Expectations about expectations

The following is a transcription of a conversation between IQ (imaginary questioner) and Keith Kenney.

IQ:  How do you set a level of expectations for your students?

KK: I keep one eye on what potential employers need, and the other eye on past students’ performances in the same course. I set high expectations because the job market demands skilled employees who can think critically.

IQ:  Don’t students complain that your expectations are too high?

KK: Yes, all of the time. But I don’t expect students to instantly learn something new. I like to use the saxophone example. When I started to learn the sax, I took lessons, practiced, and after a year, the best I could do was play “Twinkle, Twinkle Little Star.” Learning was not easy; nor was it quick. Therefore, I give students multiple chances to improve. For example, in my photojournalism class, students can redo an assignment as many times as they like. Each time I provide feedback and I explain how they can make their photos better. If students have the time and a desire to learn, they could redo every assignment until they receive a grade that would make them happy.

IQ:  But isn’t that a lot of work for them and for you?

KK: Of course. But it takes a lot of work to learn . . . and to teach. Don’t get me wrong. I hate grading, and I’ll become impatient if students keep handing in poor work. I suggest that students show their work to a classmate before letting me see it. Classmates can often point out basic problems and help fix those problems.

IQ:  So do students generally get As in your classes?

KK: No. They usually don’t have the time or motivation to try a second time, much less a third time.

IQ:  Well how do you motivate students?

KK: Good question. Whenever I see a sign of improvement, I praise a student’s effort. When students receive praise for doing something, they want to keep doing it. An A grade is not really praise. A written comment is better. A verbal comment is best because it shows that you’re personally interested in a student and it can lead to a conversation. Students in large lecture classes, with little interaction with their professors, are difficult to motivate.

IQ:  So do you enjoy seeing students outside the classroom?

KK: Of course! I want to really know the students and I want them to get to know me. I don’t want to be “the photojournalism prof.” I want to be “Keith.” Moreover, I believe that half of all learning for a course occurs outside the classroom. A class is a place and time when students and an instructor can easily interact together, but, ideally, interactions amongst students and between students and instructors occur far more often than class times.

IQ:  What happens when other professors expect more or less than you?

KK: You already know the answer—it creates problems. Let’s imagine that two instructors offer sections of the same photojournalism course in the same semester, and one has the reputation of low expectations, which is the same as saying that s/he gives high grades for average work. What happens? One, students in the low-expectation classroom will learn less. Two, unfortunately, more students will enroll in the low-expectation class. Professors need to communicate amongst themselves.

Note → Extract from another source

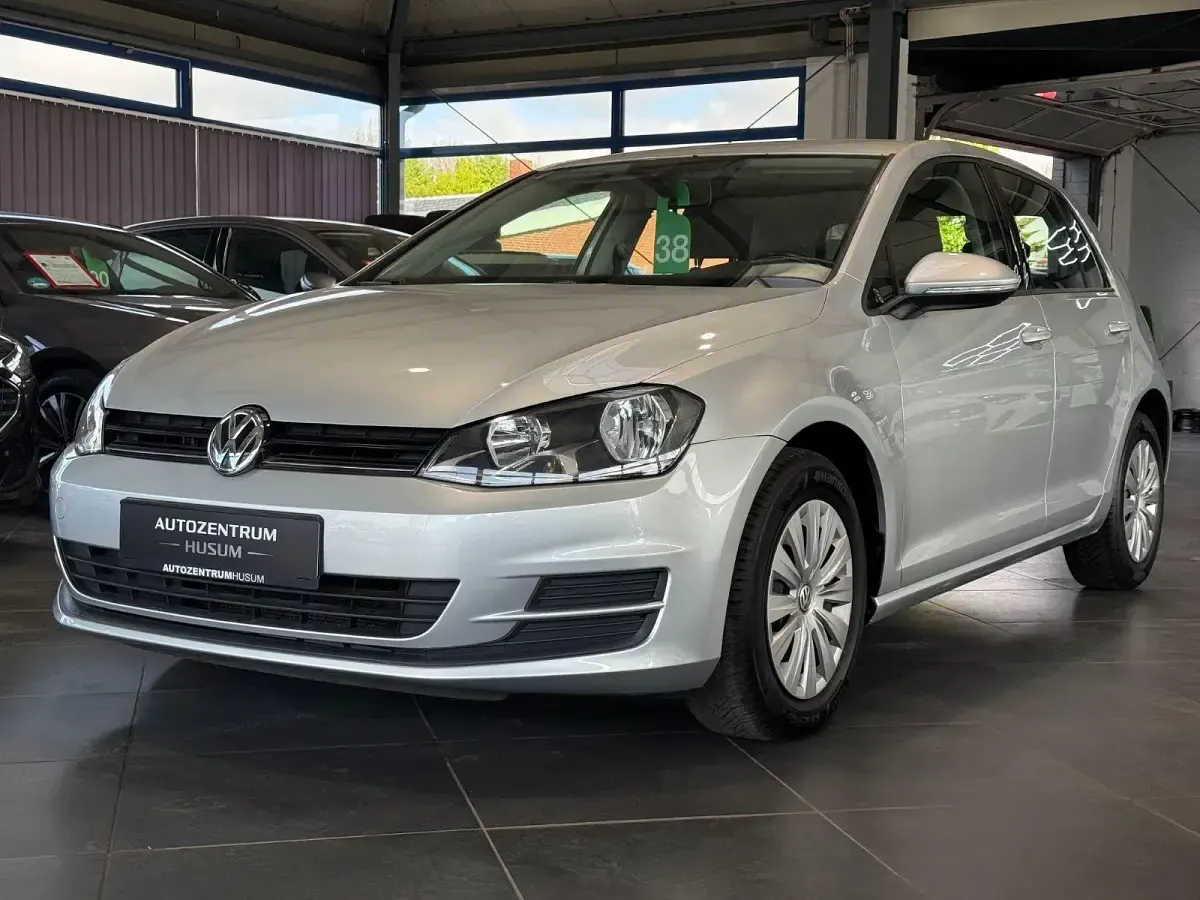 Gebraucht VW Golf VII Trendline 110 PS (80 kW) 2014 Silber Limousine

IQ:  It may be easy for a couple of profs to compare expectations about a course they both teach, but what about inconsistencies amongst all the courses in a major? I mean, what can you do if a photojournalism prof is tough, but the graphics prof is easy?

KK: The solution is coordination. A department’s faculty members should meet once a year at least in order to share their expectations. Students are not just taking individual courses—they are earning a degree—and administrators should ensure that the instructors and their courses are working together to provide the best possible education.

IQ: But how can instructors with very different courses “coordinate”?

KK: By sharing their learning outcomes and grading matrices. It may be difficult to compare the content of courses, but the language of learning outcomes is common for all courses at a university. Comparing grading matrices is more difficult. But one’s grading should match one’s learning outcomes, so commonalities exist. My undergraduate students at the School of Journalism and Mass Communications at the University of South Carolina take approximately 40 credit-hours inside the school and 80 credit-hours from other colleges at USC. Students take courses at the 200-level, as well as the 300-, 400-, and 500-levels. We really push the higher level learning outcomes, such as analysis, synthesis, and evaluation during the upper-level courses.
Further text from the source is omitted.